(Entries supplied begins)

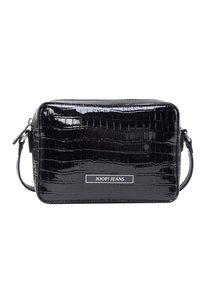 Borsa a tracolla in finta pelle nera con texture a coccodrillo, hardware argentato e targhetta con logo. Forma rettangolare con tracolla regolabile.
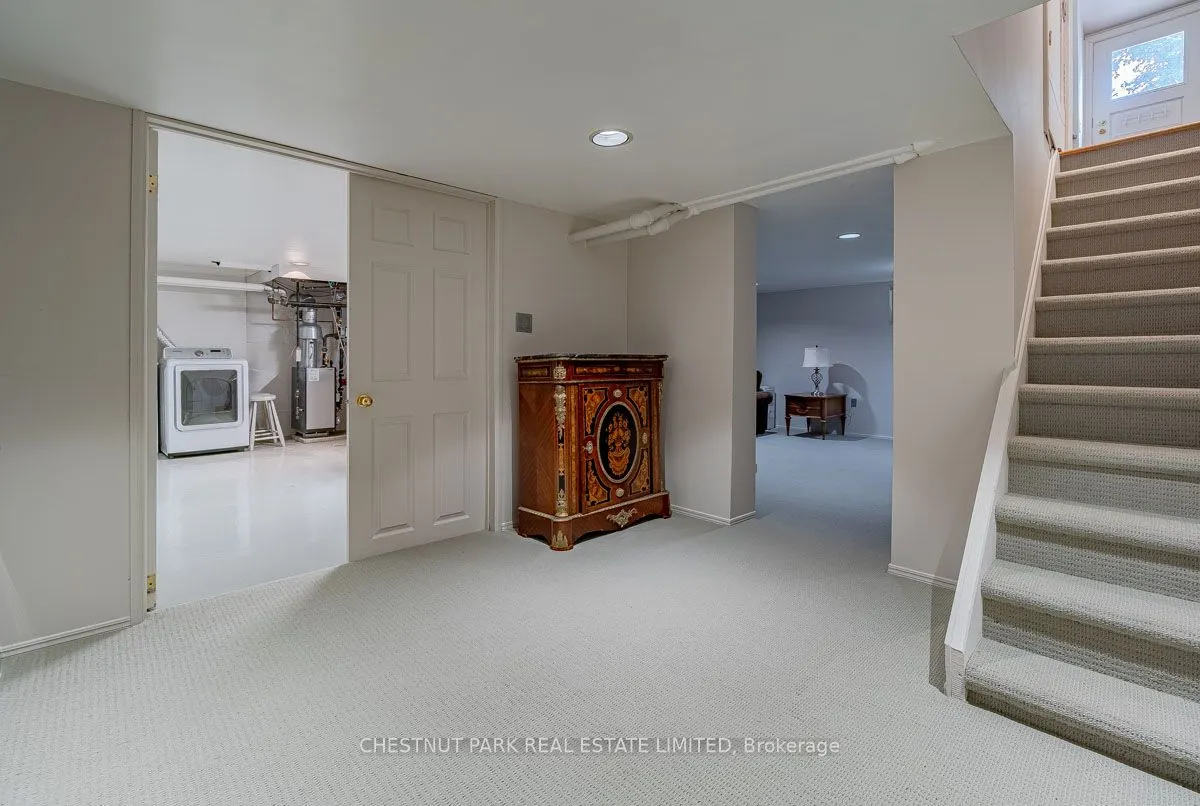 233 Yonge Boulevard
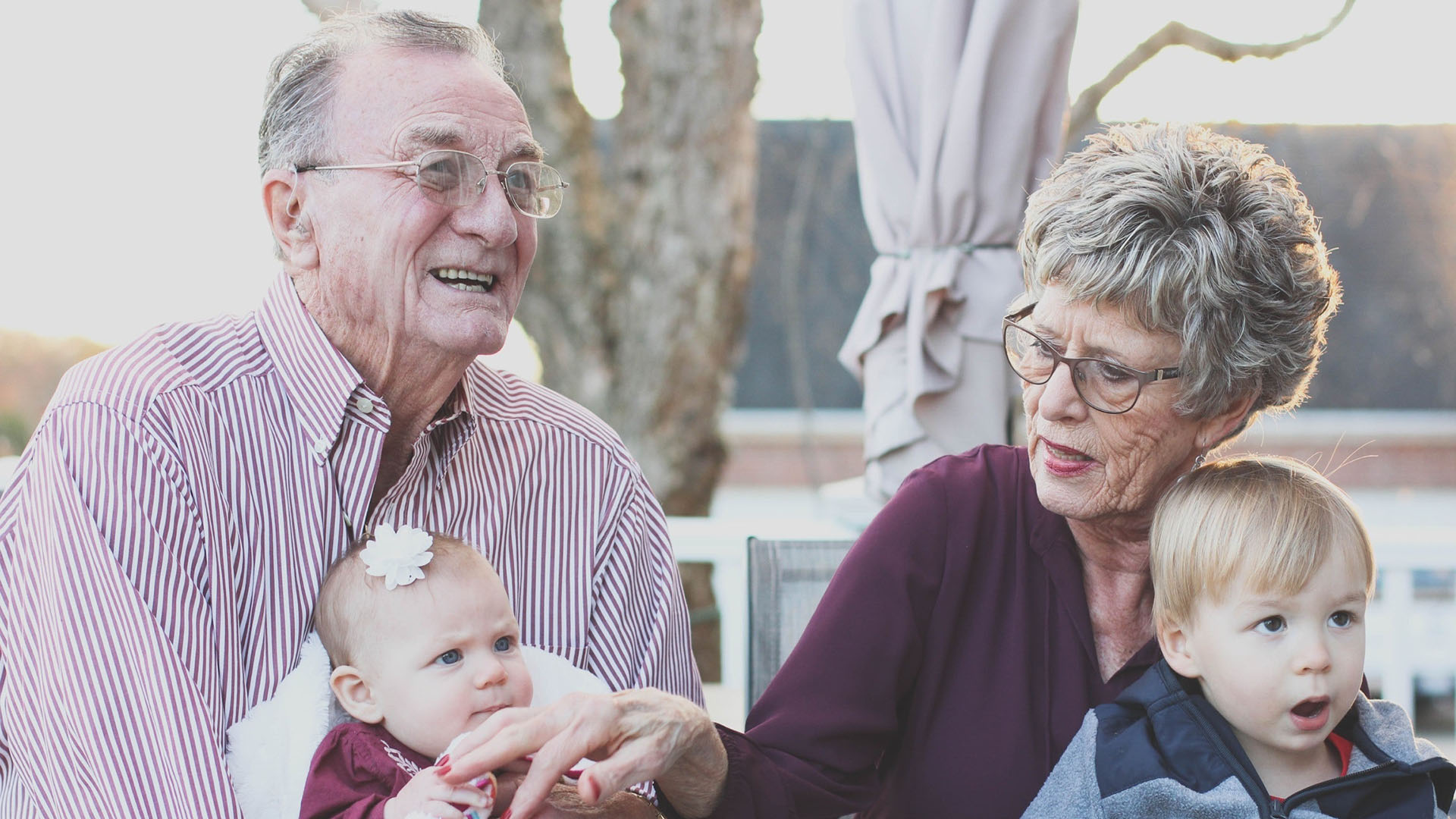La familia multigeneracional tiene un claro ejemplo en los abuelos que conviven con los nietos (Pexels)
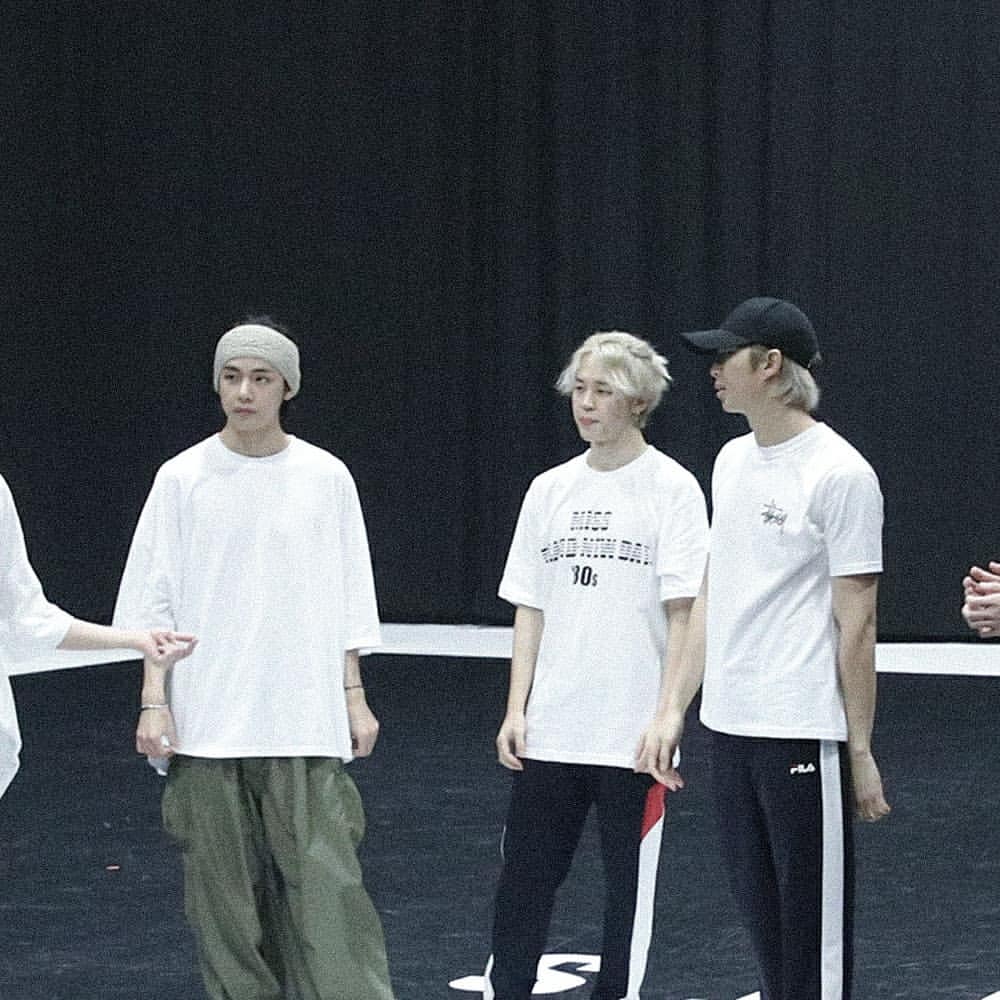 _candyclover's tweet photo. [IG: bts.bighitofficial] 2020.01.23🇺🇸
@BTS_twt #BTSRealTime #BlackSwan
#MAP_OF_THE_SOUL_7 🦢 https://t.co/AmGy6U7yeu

(Entries supplied ends)

### About this task
Find the line that contains "[IG: bts.bighitofficial] 2020.01.23🇺🇸", then write out that line and every line after it through the end of the records, exactly. Leave the pictures out.

### Response
 _candyclover's tweet photo. [IG: bts.bighitofficial] 2020.01.23🇺🇸
@BTS_twt #BTSRealTime #BlackSwan
#MAP_OF_THE_SOUL_7 🦢 https://t.co/AmGy6U7yeu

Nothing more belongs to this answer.